I have a new term to describe what a lot of companies want in a new hire. It’s prevalent across the world, across industries and organisations. It’s called the Silver Bullet Employee.
What is a Silver Bullet Employee?
- They’re self-motivated and hard working. They look for ways to solve problems that they aren’t asked to solve yet.
- They’re learners and doers, they continue their own self-development while having a bias towards getting things done in their organizations.
- They are super easy to manage as they’re getting things done for their bosses without supervision.
- They outperform their colleagues and they become profiles for what the company wants in a hire.
Why are they popular?
- The cover up mistakes and make the company money.
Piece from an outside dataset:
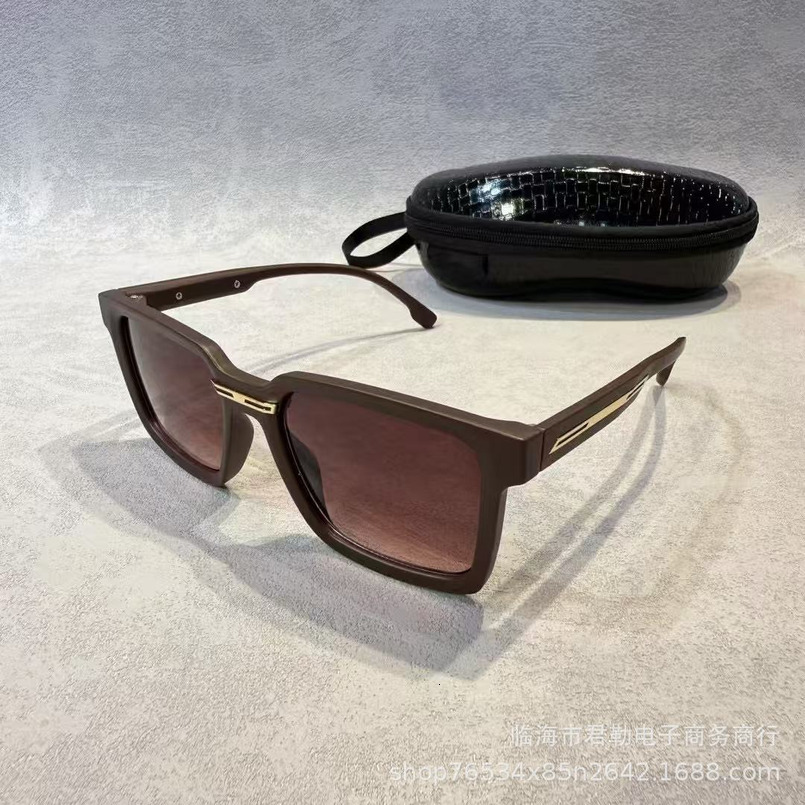 Fashionable High-Quality Square Frame Men, Outdoor UV Protection Polarized Sunglasses For Driving And Fishing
- They don’t need managing to succeed and deliver.
- The company doesn’t have to deal with their processes that don’t work because the Silver Bullet covers them with their effort and smarts.
- Managers can blame problems that are in other areas on not having a Silver Bullet rather than using other problem solving techniques.
- Hiring one doesn’t require a job description.
- You can hire one with a very general idea of what you want them to achieve but no plan for how to help or measure that success.
Why they fail in new jobs?
- They burn out.
- They’re hired as a Silver Bullet and often the problems they’re hired to solve haven’t been framed correctly from the beginning making it impossible to evaluate their achievements.
- They start to feel like they’re being taken advantage of by their peers and management.
- Current employees work actively against them as they’re seen as a dropped in superstar to fix problems caused by current employees.
- They can’t deal with internal people working against them.
- They’re unfairly evaluated by managers who haven’t defined success in the role other than “getting it done”.
The Silver Bullet is attractive to managers because they don’t need managing and they make you look good. But another useful point about them is they hide bad management practices. How? Because when they fail it’s so easy to say, “well I guess they weren’t as good as we thought they were” rather than deal with the root cause of the failure.
Of course we can all deal with reality by creating an imaginary alternative, but I think if we’re going to self-evaluate honestly we’ll start to give the Silver Bullets in our midst a fairer chance. They will out-perform but you can’t hobble right from the beginning by trying to use them as superglue for all the breaks you have.